The Pension Schemes Bill completed its long march through Parliament this week and will become the Pension Schemes Act 2021 (the “Act”) once it has obtained Royal Assent.

In the press and in Parliament, the Pensions Minister has made the Government’s aspirations for the Act clear by stating that the new law will make pension schemes “safer, better, and greener”.

Safer Pensions

The Pensions Regulator (the “Regulator”) will be further empowered by the Act. The Act will create new grounds under which the Regulator can issue Contribution Notices, and will introduce new criminal sanctions to support the Regulator’s enforcement functions.

The Regulator will also be granted greater information-gathering and investigation powers, and will be able to impose sanctions on parties that refuse to engage. In addition, the Regulator will be able to exercise increased oversight of corporate transactions through the expanded Notifiable Events regime.

These new powers and sanctions have been drafted very broadly, clearly with recent pensions scandals in mind. We will need to wait and see how the Regulator chooses to exercise its new powers in future.

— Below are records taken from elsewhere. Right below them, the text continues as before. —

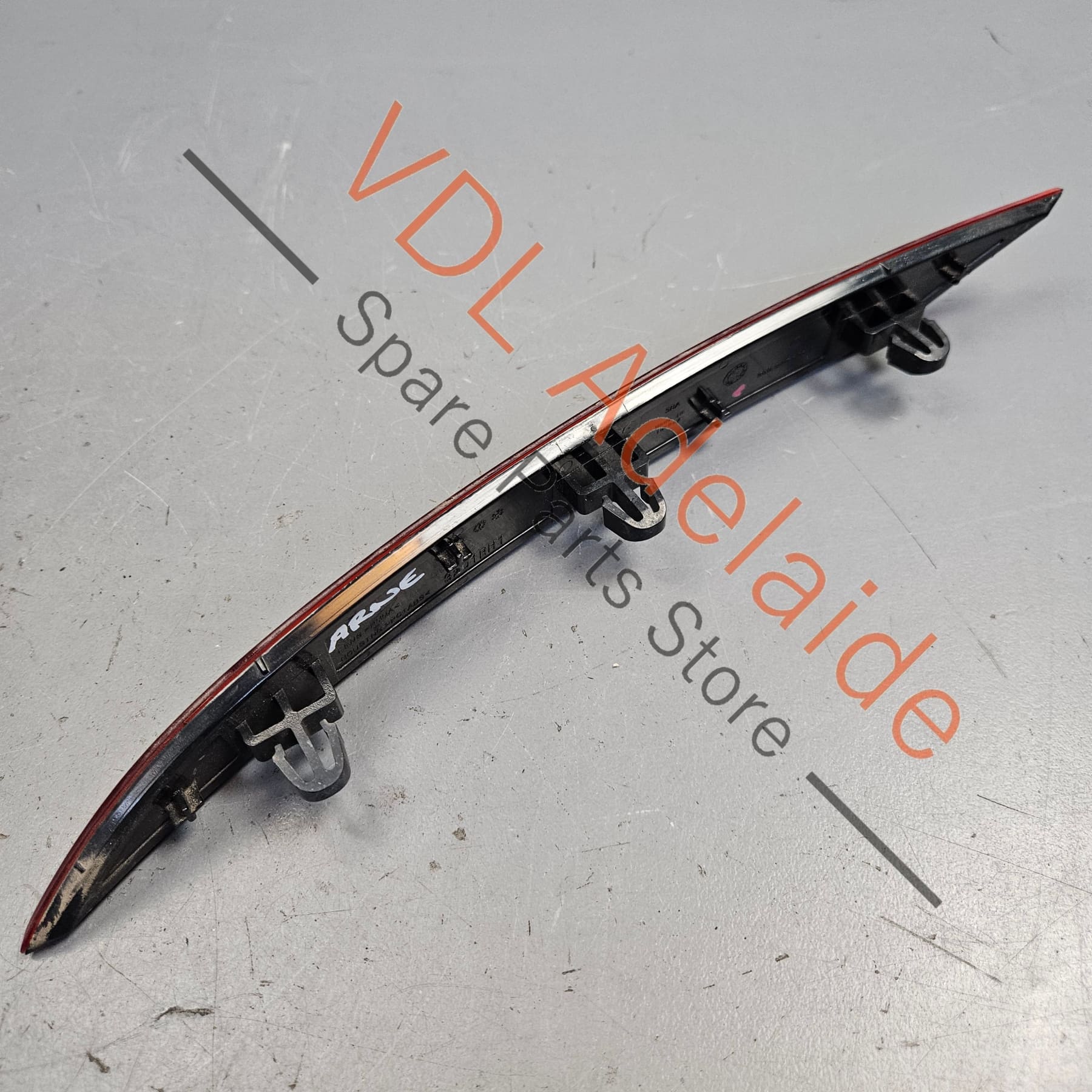 VW Golf R MK7.5 Rear Right Bumper Reflector 5G0945106C - Image 4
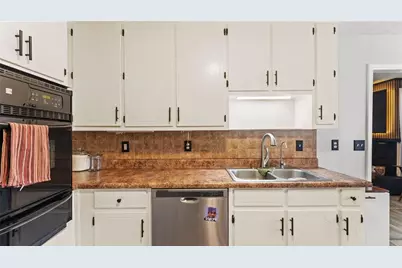 222 Robin Lane, Stockbridge, GA 30281 - Photo 10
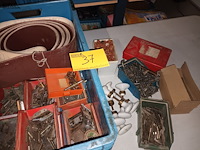 Lot 37 - schuurpapier en deur/kastbeslag - afbeelding 1 van  7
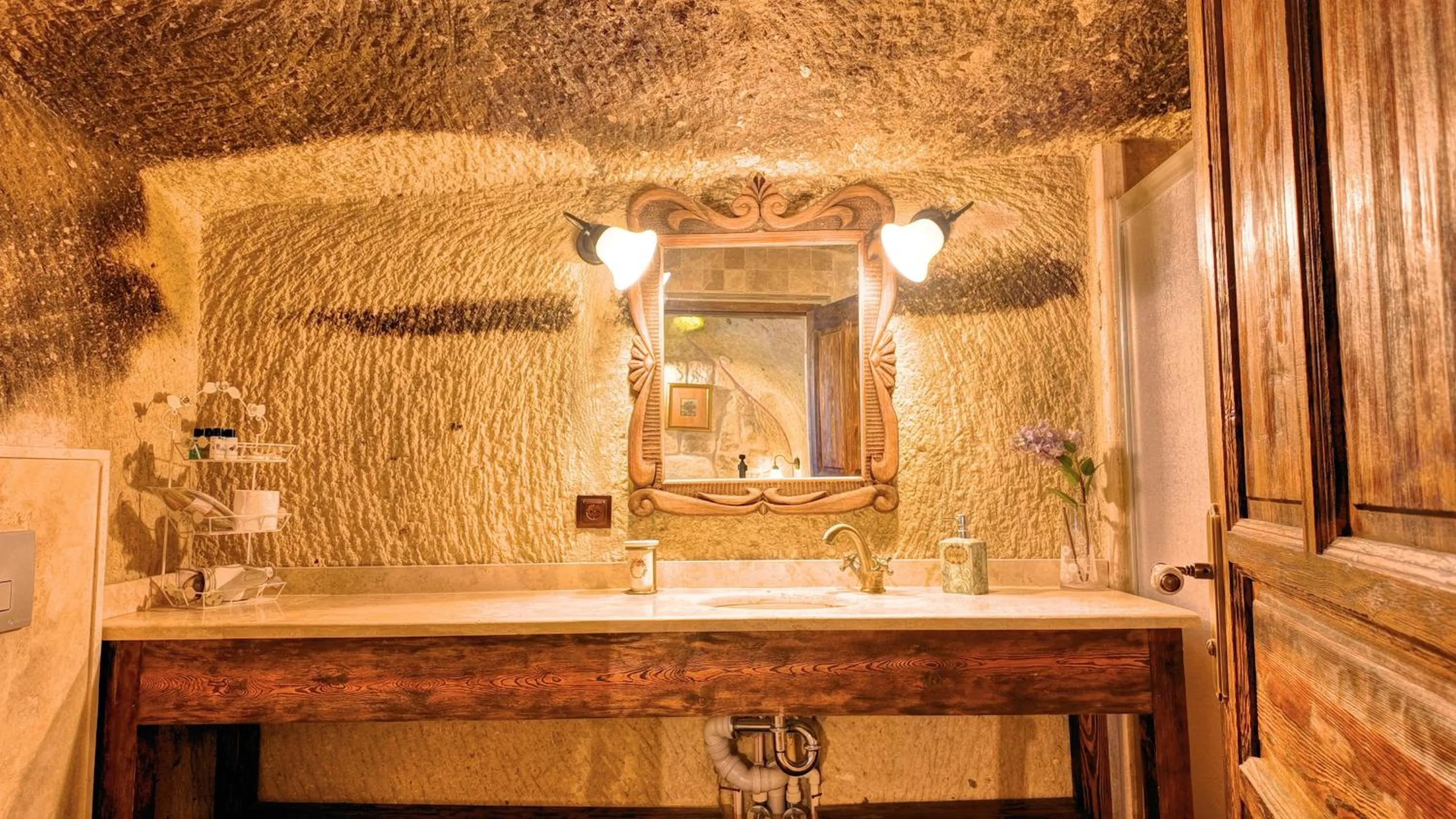 Bathroom in Shiraz Cave Cappadocia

The Act also provides for the creation of more stringent conditions on members exercising their right to a cash equivalent transfer.

These conditions, once implemented in secondary legislation, will create new obstacles for pension scammers and will make it easier for trustees to refuse transfers into seemingly scam schemes.

Better Pensions

The Act establishes the framework for the creation of Collective Money Purchase schemes (“CMPS”). The Government believes the CMPS can, over time, become an attractive alternative to the Defined Contribution scheme.

The most visible change, from a consumer perspective, will be the establishment of Pensions Dashboard services under the Act. Pensions Dashboards will allow end-users to view all of their pension pots in one place online.

The funding regime for Defined Benefit schemes (“DB Schemes”) is also set to be supplemented by the Act. Trustees/managers of DB Schemes will be required to set a “funding and investment strategy” for ensuring benefits can be provided on a long-term basis.

They must also prepare a written “statement of strategy” that sets out the funding and investment strategy amongst other things.

The Regulator plans to issue a new DB Funding Code of Practice which will build on the provisions of the Act, but this will not have effect before 2022.

Greener Pensions

With the United Nations Climate Change Conference set to take place in Glasgow this November, the Government has been keen to bolster the UK’s green credentials.

The Act seeks to ensure that pension funds are on hand to aid the wider “greening-up” of the UK economy. The Act introduces the concept of “climate change risk” to the Pensions Act 1995.

Provision is also made for future regulations requiring trustees/managers to account for climate change risk in various ways.

Going Forward

As alluded to above, many of the changes introduced by the Act will require secondary implementing legislation before they can begin to take effect.

The Government has stated that it hopes to have the Regulator’s new powers available for use by autumn of this year.

The Regulator is also due to publish guidance on its application of the new criminal sanctions in the coming months.